(Beginning of Extracted material)
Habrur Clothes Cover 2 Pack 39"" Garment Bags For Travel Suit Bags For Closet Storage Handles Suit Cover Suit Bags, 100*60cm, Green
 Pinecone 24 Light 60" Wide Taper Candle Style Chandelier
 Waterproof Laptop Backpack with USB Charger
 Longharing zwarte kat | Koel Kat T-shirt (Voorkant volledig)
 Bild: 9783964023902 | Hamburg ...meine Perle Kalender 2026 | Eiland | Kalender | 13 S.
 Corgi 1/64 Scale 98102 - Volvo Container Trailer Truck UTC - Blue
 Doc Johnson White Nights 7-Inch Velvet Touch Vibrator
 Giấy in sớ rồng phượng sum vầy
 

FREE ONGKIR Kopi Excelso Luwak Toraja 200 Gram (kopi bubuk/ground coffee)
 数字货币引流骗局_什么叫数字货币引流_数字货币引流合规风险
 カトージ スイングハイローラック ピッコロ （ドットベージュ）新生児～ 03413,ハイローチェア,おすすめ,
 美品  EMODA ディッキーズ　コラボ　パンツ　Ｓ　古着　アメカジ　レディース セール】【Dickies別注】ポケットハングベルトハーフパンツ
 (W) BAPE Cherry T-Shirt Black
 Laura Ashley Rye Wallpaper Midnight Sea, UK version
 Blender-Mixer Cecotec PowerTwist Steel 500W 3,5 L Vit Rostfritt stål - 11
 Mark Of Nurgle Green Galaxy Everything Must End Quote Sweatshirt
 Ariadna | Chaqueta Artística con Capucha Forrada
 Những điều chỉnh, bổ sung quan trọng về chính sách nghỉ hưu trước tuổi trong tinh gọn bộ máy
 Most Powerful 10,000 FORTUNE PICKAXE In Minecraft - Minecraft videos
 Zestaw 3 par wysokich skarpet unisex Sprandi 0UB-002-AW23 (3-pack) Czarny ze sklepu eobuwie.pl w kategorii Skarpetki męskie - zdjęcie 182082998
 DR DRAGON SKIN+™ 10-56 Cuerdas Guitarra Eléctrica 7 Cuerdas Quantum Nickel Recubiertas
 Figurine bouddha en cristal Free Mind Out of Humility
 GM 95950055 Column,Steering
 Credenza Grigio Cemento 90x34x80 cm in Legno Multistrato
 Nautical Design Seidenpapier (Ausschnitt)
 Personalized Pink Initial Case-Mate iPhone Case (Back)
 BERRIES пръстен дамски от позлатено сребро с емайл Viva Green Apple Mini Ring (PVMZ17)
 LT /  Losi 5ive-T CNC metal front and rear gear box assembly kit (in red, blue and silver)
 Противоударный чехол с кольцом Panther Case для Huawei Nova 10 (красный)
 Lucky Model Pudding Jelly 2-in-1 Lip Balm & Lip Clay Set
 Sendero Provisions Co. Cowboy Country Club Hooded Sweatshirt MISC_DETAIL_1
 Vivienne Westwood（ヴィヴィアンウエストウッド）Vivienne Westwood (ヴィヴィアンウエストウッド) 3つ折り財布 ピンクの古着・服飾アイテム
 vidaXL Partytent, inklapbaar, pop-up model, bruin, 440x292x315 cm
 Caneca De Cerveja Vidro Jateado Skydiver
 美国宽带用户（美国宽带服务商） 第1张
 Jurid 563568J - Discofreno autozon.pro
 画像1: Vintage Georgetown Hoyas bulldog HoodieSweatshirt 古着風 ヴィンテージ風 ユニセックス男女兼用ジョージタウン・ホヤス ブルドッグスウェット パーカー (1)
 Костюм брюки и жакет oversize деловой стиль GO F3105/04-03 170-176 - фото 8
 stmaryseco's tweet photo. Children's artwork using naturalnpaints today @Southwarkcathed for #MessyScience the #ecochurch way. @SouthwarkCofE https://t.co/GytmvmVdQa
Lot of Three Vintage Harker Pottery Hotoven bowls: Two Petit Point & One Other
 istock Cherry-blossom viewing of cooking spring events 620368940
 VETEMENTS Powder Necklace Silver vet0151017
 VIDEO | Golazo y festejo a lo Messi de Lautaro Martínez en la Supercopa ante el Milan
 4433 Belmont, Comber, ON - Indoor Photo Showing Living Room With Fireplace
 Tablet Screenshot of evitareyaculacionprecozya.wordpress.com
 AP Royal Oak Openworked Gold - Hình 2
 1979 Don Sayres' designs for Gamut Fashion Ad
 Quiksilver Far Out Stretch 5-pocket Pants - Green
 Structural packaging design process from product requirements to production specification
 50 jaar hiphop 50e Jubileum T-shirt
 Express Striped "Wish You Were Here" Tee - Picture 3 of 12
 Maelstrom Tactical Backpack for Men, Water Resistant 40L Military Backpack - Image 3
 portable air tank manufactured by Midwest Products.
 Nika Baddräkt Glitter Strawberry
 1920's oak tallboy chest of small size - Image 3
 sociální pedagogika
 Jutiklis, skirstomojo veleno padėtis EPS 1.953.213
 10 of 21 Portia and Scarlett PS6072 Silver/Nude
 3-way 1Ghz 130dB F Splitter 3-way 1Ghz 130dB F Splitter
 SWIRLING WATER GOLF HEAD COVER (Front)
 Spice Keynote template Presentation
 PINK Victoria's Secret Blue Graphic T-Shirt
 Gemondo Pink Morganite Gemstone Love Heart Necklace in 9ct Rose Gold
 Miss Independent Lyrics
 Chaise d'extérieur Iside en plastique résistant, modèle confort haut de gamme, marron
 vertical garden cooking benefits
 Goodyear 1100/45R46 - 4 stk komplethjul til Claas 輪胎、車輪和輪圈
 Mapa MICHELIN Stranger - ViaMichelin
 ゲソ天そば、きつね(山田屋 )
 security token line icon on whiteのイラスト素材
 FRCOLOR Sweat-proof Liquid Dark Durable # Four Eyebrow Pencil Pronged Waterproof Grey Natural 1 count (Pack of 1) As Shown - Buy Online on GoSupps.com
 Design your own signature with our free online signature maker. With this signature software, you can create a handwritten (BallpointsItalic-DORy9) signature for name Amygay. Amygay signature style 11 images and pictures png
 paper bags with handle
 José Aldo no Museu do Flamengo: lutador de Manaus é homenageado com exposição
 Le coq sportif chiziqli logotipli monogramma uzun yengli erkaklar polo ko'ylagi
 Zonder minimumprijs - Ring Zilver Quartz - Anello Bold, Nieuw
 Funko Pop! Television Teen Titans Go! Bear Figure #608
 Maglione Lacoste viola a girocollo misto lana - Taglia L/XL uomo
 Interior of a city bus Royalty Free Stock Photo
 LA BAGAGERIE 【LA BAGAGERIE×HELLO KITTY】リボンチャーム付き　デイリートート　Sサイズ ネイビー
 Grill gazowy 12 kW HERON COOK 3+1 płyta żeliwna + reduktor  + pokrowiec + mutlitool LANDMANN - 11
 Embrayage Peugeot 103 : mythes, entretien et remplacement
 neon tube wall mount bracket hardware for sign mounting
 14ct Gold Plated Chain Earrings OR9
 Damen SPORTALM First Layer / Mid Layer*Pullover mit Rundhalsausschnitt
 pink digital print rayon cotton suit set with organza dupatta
(End of Extracted material)
*Exercise details*
Look at the entries above. Then set all of them down again exactly.

*Answer for this exercise*
Habrur Clothes Cover 2 Pack 39"" Garment Bags For Travel Suit Bags For Closet Storage Handles Suit Cover Suit Bags, 100*60cm, Green
 Pinecone 24 Light 60" Wide Taper Candle Style Chandelier
 Waterproof Laptop Backpack with USB Charger
 Longharing zwarte kat | Koel Kat T-shirt (Voorkant volledig)
 Bild: 9783964023902 | Hamburg ...meine Perle Kalender 2026 | Eiland | Kalender | 13 S.
 Corgi 1/64 Scale 98102 - Volvo Container Trailer Truck UTC - Blue
 Doc Johnson White Nights 7-Inch Velvet Touch Vibrator
 Giấy in sớ rồng phượng sum vầy
 

FREE ONGKIR Kopi Excelso Luwak Toraja 200 Gram (kopi bubuk/ground coffee)
 数字货币引流骗局_什么叫数字货币引流_数字货币引流合规风险
 カトージ スイングハイローラック ピッコロ （ドットベージュ）新生児～ 03413,ハイローチェア,おすすめ,
 美品  EMODA ディッキーズ　コラボ　パンツ　Ｓ　古着　アメカジ　レディース セール】【Dickies別注】ポケットハングベルトハーフパンツ
 (W) BAPE Cherry T-Shirt Black
 Laura Ashley Rye Wallpaper Midnight Sea, UK version
 Blender-Mixer Cecotec PowerTwist Steel 500W 3,5 L Vit Rostfritt stål - 11
 Mark Of Nurgle Green Galaxy Everything Must End Quote Sweatshirt
 Ariadna | Chaqueta Artística con Capucha Forrada
 Những điều chỉnh, bổ sung quan trọng về chính sách nghỉ hưu trước tuổi trong tinh gọn bộ máy
 Most Powerful 10,000 FORTUNE PICKAXE In Minecraft - Minecraft videos
 Zestaw 3 par wysokich skarpet unisex Sprandi 0UB-002-AW23 (3-pack) Czarny ze sklepu eobuwie.pl w kategorii Skarpetki męskie - zdjęcie 182082998
 DR DRAGON SKIN+™ 10-56 Cuerdas Guitarra Eléctrica 7 Cuerdas Quantum Nickel Recubiertas
 Figurine bouddha en cristal Free Mind Out of Humility
 GM 95950055 Column,Steering
 Credenza Grigio Cemento 90x34x80 cm in Legno Multistrato
 Nautical Design Seidenpapier (Ausschnitt)
 Personalized Pink Initial Case-Mate iPhone Case (Back)
 BERRIES пръстен дамски от позлатено сребро с емайл Viva Green Apple Mini Ring (PVMZ17)
 LT /  Losi 5ive-T CNC metal front and rear gear box assembly kit (in red, blue and silver)
 Противоударный чехол с кольцом Panther Case для Huawei Nova 10 (красный)
 Lucky Model Pudding Jelly 2-in-1 Lip Balm & Lip Clay Set
 Sendero Provisions Co. Cowboy Country Club Hooded Sweatshirt MISC_DETAIL_1
 Vivienne Westwood（ヴィヴィアンウエストウッド）Vivienne Westwood (ヴィヴィアンウエストウッド) 3つ折り財布 ピンクの古着・服飾アイテム
 vidaXL Partytent, inklapbaar, pop-up model, bruin, 440x292x315 cm
 Caneca De Cerveja Vidro Jateado Skydiver
 美国宽带用户（美国宽带服务商） 第1张
 Jurid 563568J - Discofreno autozon.pro
 画像1: Vintage Georgetown Hoyas bulldog HoodieSweatshirt 古着風 ヴィンテージ風 ユニセックス男女兼用ジョージタウン・ホヤス ブルドッグスウェット パーカー (1)
 Костюм брюки и жакет oversize деловой стиль GO F3105/04-03 170-176 - фото 8
 stmaryseco's tweet photo. Children's artwork using naturalnpaints today @Southwarkcathed for #MessyScience the #ecochurch way. @SouthwarkCofE https://t.co/GytmvmVdQa
Lot of Three Vintage Harker Pottery Hotoven bowls: Two Petit Point & One Other
 istock Cherry-blossom viewing of cooking spring events 620368940
 VETEMENTS Powder Necklace Silver vet0151017
 VIDEO | Golazo y festejo a lo Messi de Lautaro Martínez en la Supercopa ante el Milan
 4433 Belmont, Comber, ON - Indoor Photo Showing Living Room With Fireplace
 Tablet Screenshot of evitareyaculacionprecozya.wordpress.com
 AP Royal Oak Openworked Gold - Hình 2
 1979 Don Sayres' designs for Gamut Fashion Ad
 Quiksilver Far Out Stretch 5-pocket Pants - Green
 Structural packaging design process from product requirements to production specification
 50 jaar hiphop 50e Jubileum T-shirt
 Express Striped "Wish You Were Here" Tee - Picture 3 of 12
 Maelstrom Tactical Backpack for Men, Water Resistant 40L Military Backpack - Image 3
 portable air tank manufactured by Midwest Products.
 Nika Baddräkt Glitter Strawberry
 1920's oak tallboy chest of small size - Image 3
 sociální pedagogika
 Jutiklis, skirstomojo veleno padėtis EPS 1.953.213
 10 of 21 Portia and Scarlett PS6072 Silver/Nude
 3-way 1Ghz 130dB F Splitter 3-way 1Ghz 130dB F Splitter
 SWIRLING WATER GOLF HEAD COVER (Front)
 Spice Keynote template Presentation
 PINK Victoria's Secret Blue Graphic T-Shirt
 Gemondo Pink Morganite Gemstone Love Heart Necklace in 9ct Rose Gold
 Miss Independent Lyrics
 Chaise d'extérieur Iside en plastique résistant, modèle confort haut de gamme, marron
 vertical garden cooking benefits
 Goodyear 1100/45R46 - 4 stk komplethjul til Claas 輪胎、車輪和輪圈
 Mapa MICHELIN Stranger - ViaMichelin
 ゲソ天そば、きつね(山田屋 )
 security token line icon on whiteのイラスト素材
 FRCOLOR Sweat-proof Liquid Dark Durable # Four Eyebrow Pencil Pronged Waterproof Grey Natural 1 count (Pack of 1) As Shown - Buy Online on GoSupps.com
 Design your own signature with our free online signature maker. With this signature software, you can create a handwritten (BallpointsItalic-DORy9) signature for name Amygay. Amygay signature style 11 images and pictures png
 paper bags with handle
 José Aldo no Museu do Flamengo: lutador de Manaus é homenageado com exposição
 Le coq sportif chiziqli logotipli monogramma uzun yengli erkaklar polo ko'ylagi
 Zonder minimumprijs - Ring Zilver Quartz - Anello Bold, Nieuw
 Funko Pop! Television Teen Titans Go! Bear Figure #608
 Maglione Lacoste viola a girocollo misto lana - Taglia L/XL uomo
 Interior of a city bus Royalty Free Stock Photo
 LA BAGAGERIE 【LA BAGAGERIE×HELLO KITTY】リボンチャーム付き　デイリートート　Sサイズ ネイビー
 Grill gazowy 12 kW HERON COOK 3+1 płyta żeliwna + reduktor  + pokrowiec + mutlitool LANDMANN - 11
 Embrayage Peugeot 103 : mythes, entretien et remplacement
 neon tube wall mount bracket hardware for sign mounting
 14ct Gold Plated Chain Earrings OR9
 Damen SPORTALM First Layer / Mid Layer*Pullover mit Rundhalsausschnitt
 pink digital print rayon cotton suit set with organza dupatta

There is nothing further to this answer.